Entries taken from a collection

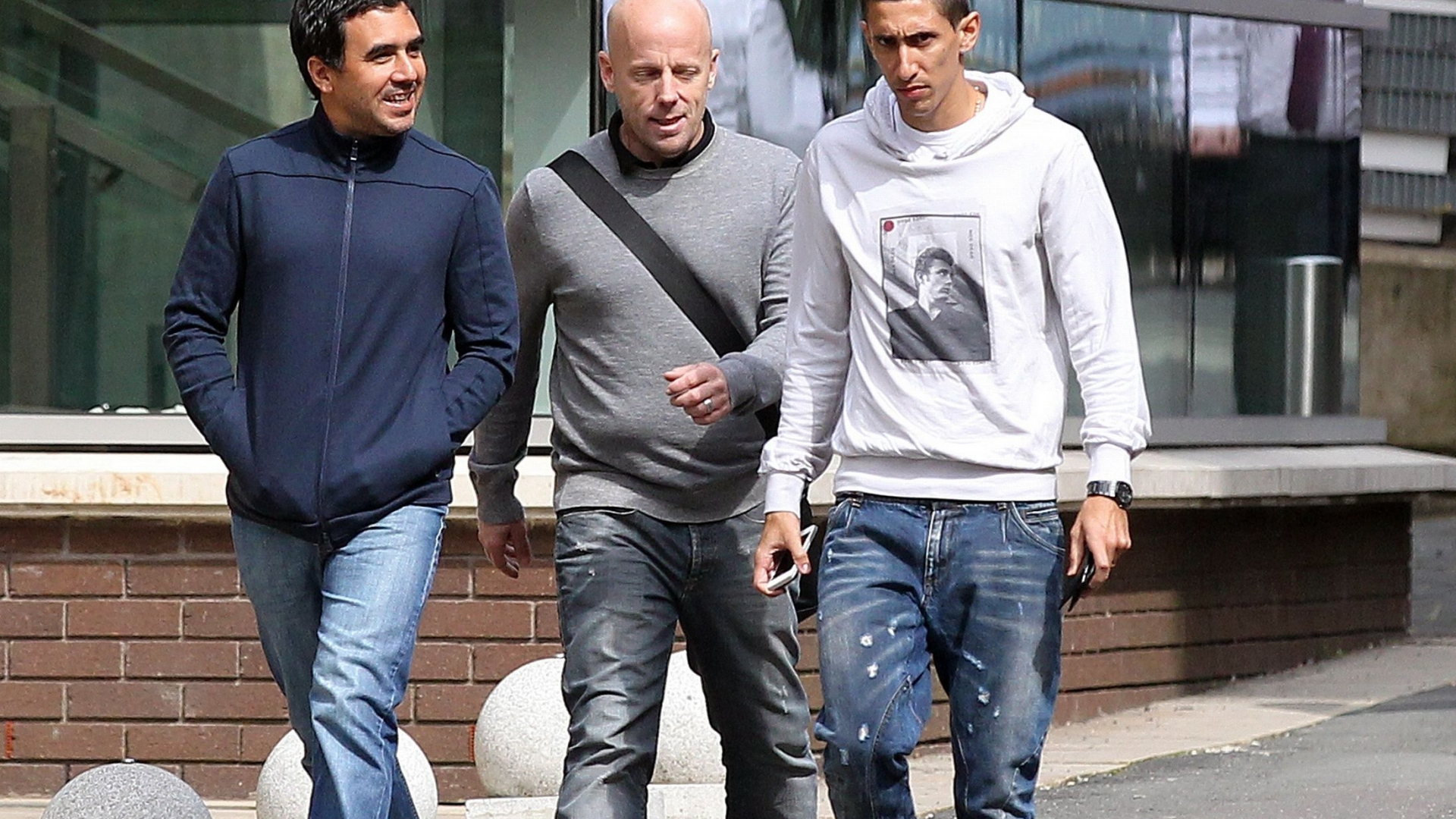 Η πρώτη βόλτα του Ντι Μαρία στο Μάντσεστερ (photos)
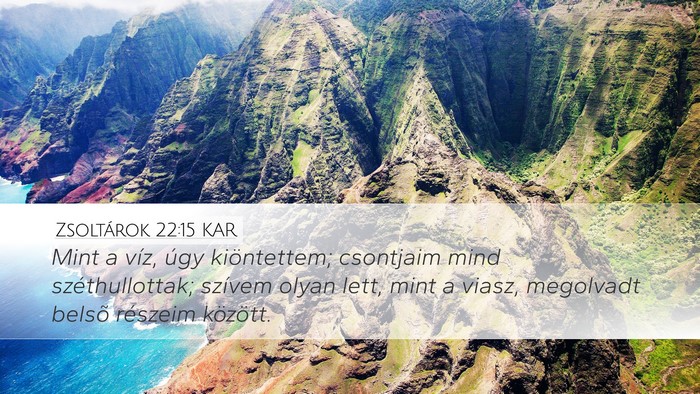 Zsoltárok 22:15 KAR Bible Verse Image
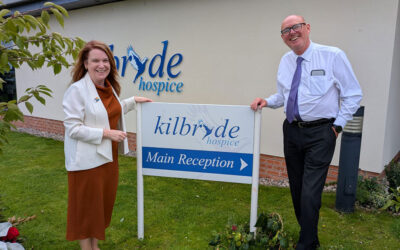 NHS Lanarkshire Chief Executive visits Kilbryde Hospice to reaffirm commitment to partnership working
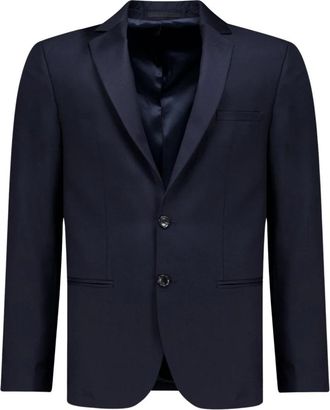 Autore Kostuums, Heren, Blauw, 2Xl, Wol, Connery-Basquiat Abito in Fresco Lana
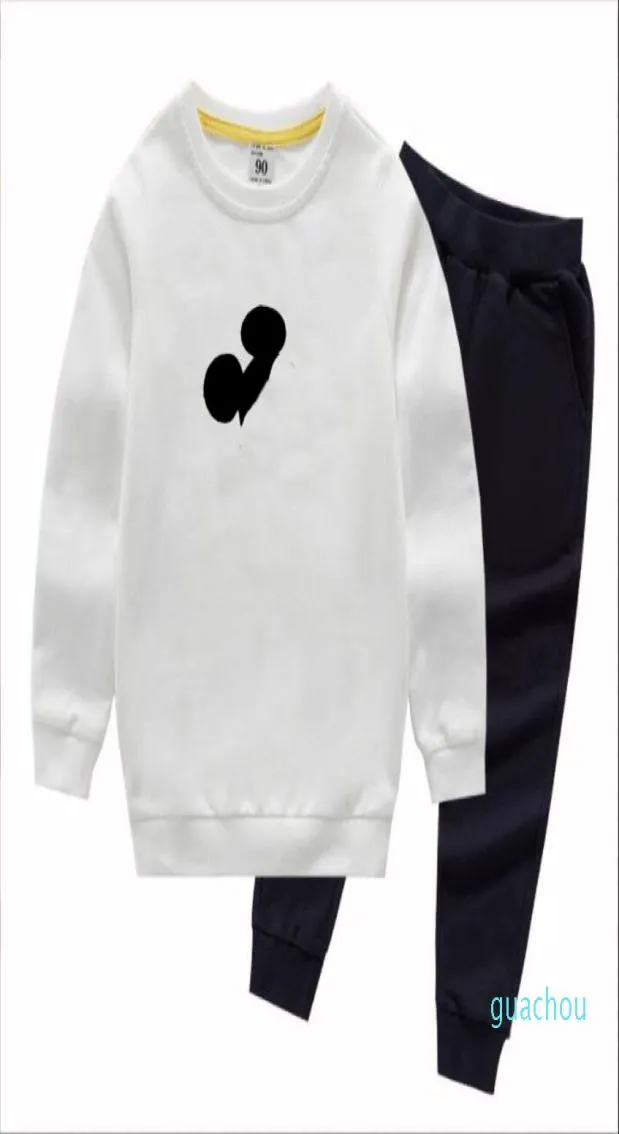 Designerkledingsets voor kinderen Nieuwe luxe print trainingspakken Mode Letterjassen Joggers Casual sportstijl Sweatshirt Jongens Cloth3052995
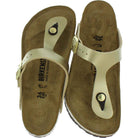 Birkenstock Gizeh Birko - Flor - Unisex Gold Shoe Deals Outlet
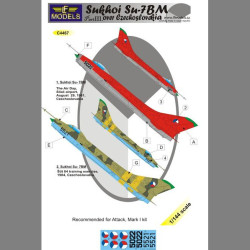 LF Models C4467 1/144 Sukhoi Su-7BM over Czechoslovakia part III.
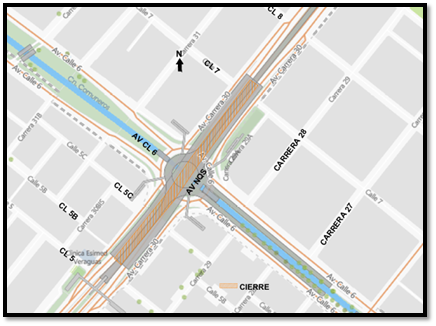 Mapa 1. Zona de Obra.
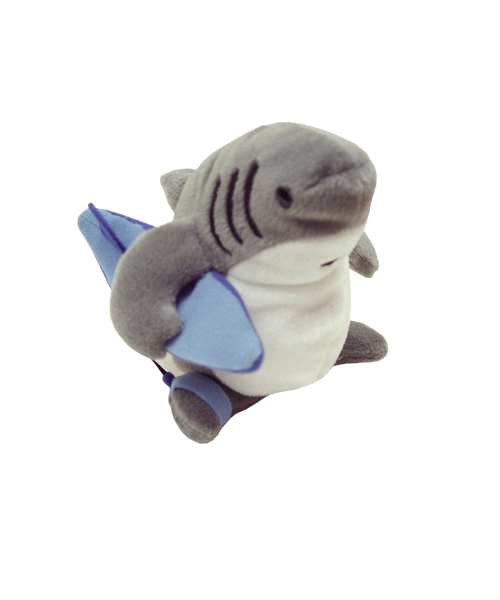 Sharka™ - Grey Baby Plush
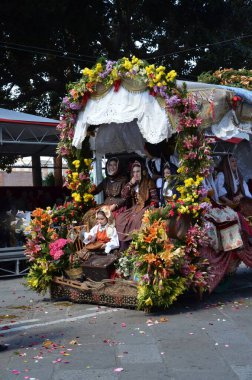 Cagliari, Sardunya 05.01.2019: Aziz Efisio dini geçit töreni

> [Work order]:
Every entry above is to be printed again exactly, pictures omitted.

> [Answer for this exercise]:
 Η πρώτη βόλτα του Ντι Μαρία στο Μάντσεστερ (photos)
 Zsoltárok 22:15 KAR Bible Verse Image
 NHS Lanarkshire Chief Executive visits Kilbryde Hospice to reaffirm commitment to partnership working
 Autore Kostuums, Heren, Blauw, 2Xl, Wol, Connery-Basquiat Abito in Fresco Lana
 Designerkledingsets voor kinderen Nieuwe luxe print trainingspakken Mode Letterjassen Joggers Casual sportstijl Sweatshirt Jongens Cloth3052995
 Birkenstock Gizeh Birko - Flor - Unisex Gold Shoe Deals Outlet
 LF Models C4467 1/144 Sukhoi Su-7BM over Czechoslovakia part III.
 Mapa 1. Zona de Obra.
 Sharka™ - Grey Baby Plush
 Cagliari, Sardunya 05.01.2019: Aziz Efisio dini geçit töreni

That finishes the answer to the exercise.